4.04.2011

Family Values

April showers? Not in sunny Diego. It's an absolutely beautiful day, a perfect 77 degrees. Days like these always remind me of home... playing with the neighbor kids, biking to the park or the railroad tracks, watching my mom garden. When I got a little older, days like these were the setting for singing in the car with the windows down, swimming in grandma's pool, ditching class and eating ice cream.

Despite the wonderfulness of these memories, they make me sad. Like, really sad. I miss home and I miss my family, but what I miss more than that is how things used to be. Home will never be the same as it was back then, there's no way I can get it back.

"It's like you get homesick for a place that doesn't exist. Maybe that's all family really is, a group of people who miss the same imaginary place." (Garden State)

Maybe that place not only doesn't exist in the present, but never really existed in the past either. Maybe that was my innocent childlike perspective of the world. Maybe we fool ourselves when we look back.
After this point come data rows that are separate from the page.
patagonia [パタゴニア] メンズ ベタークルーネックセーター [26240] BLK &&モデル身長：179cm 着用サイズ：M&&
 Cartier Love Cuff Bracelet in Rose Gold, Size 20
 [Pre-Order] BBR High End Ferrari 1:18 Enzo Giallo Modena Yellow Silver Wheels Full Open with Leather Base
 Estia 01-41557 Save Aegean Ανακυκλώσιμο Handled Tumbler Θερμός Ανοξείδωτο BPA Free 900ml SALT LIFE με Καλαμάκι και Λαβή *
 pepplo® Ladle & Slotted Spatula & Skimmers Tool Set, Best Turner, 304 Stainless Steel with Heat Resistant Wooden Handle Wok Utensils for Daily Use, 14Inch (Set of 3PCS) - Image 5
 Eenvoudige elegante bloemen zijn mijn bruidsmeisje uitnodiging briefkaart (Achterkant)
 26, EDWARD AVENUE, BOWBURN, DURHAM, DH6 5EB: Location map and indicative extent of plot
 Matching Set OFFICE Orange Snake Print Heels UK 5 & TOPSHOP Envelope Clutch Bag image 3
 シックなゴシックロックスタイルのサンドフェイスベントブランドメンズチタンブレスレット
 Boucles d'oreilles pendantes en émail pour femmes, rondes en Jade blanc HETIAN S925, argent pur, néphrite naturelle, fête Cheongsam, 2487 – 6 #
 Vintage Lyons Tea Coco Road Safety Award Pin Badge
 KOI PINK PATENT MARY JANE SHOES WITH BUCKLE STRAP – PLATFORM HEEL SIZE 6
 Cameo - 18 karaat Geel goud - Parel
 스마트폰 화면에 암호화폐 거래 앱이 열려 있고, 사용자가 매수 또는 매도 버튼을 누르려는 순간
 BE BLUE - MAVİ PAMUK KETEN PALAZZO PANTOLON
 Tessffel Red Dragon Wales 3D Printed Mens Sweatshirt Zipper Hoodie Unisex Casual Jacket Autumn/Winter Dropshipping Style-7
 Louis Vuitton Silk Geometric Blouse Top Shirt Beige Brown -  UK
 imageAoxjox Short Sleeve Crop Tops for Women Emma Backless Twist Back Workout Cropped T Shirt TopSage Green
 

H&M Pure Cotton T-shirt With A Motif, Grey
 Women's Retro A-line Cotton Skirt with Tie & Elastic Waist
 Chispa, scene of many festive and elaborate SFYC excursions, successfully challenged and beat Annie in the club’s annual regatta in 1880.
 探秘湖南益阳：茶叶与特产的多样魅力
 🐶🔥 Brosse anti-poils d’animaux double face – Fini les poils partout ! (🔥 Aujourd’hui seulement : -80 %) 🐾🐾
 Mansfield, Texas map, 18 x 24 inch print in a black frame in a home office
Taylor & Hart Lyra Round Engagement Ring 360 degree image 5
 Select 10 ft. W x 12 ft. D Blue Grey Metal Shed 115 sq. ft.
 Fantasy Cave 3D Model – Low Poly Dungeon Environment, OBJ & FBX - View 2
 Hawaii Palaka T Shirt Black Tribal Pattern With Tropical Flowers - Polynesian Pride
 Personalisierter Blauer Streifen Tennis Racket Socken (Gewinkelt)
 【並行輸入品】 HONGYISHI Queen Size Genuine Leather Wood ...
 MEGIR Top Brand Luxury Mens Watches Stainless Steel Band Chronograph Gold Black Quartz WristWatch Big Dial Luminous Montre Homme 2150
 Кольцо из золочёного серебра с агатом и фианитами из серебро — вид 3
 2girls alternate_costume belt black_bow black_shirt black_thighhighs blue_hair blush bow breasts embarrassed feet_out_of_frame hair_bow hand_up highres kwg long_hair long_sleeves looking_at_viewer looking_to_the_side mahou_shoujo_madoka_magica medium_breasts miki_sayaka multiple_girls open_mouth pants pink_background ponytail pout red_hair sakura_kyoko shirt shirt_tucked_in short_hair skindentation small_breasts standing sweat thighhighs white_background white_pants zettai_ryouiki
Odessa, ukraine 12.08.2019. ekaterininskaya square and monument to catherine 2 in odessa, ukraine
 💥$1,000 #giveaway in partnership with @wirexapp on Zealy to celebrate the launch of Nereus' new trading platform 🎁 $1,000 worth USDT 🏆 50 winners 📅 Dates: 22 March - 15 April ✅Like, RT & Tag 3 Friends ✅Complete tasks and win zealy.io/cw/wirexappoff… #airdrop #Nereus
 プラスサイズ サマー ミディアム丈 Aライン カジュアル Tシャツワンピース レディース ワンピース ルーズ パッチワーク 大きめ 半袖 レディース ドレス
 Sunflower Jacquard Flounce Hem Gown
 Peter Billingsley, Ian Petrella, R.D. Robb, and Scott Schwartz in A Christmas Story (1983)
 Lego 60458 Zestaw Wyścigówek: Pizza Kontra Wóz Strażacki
They say hindsight is 20/20, but I think hindsight is far-sighted: we can see the big picture, that glowing image of happiness, but the details that make it real are gone.

I fool myself into thinking that what I see in our memories is still true today. But it's not. For example, my family isn't as perfect as I've believed my entire life. There are miscommunications, misunderstandings of who each other really are, but we pretend like those aren't there. Because to acknowledge that would ruin the pretty picture that never really existed.

Is it better to bring up the lies that we see in this world and risking hurting those who really believe them? Is it better to be real or to be happy?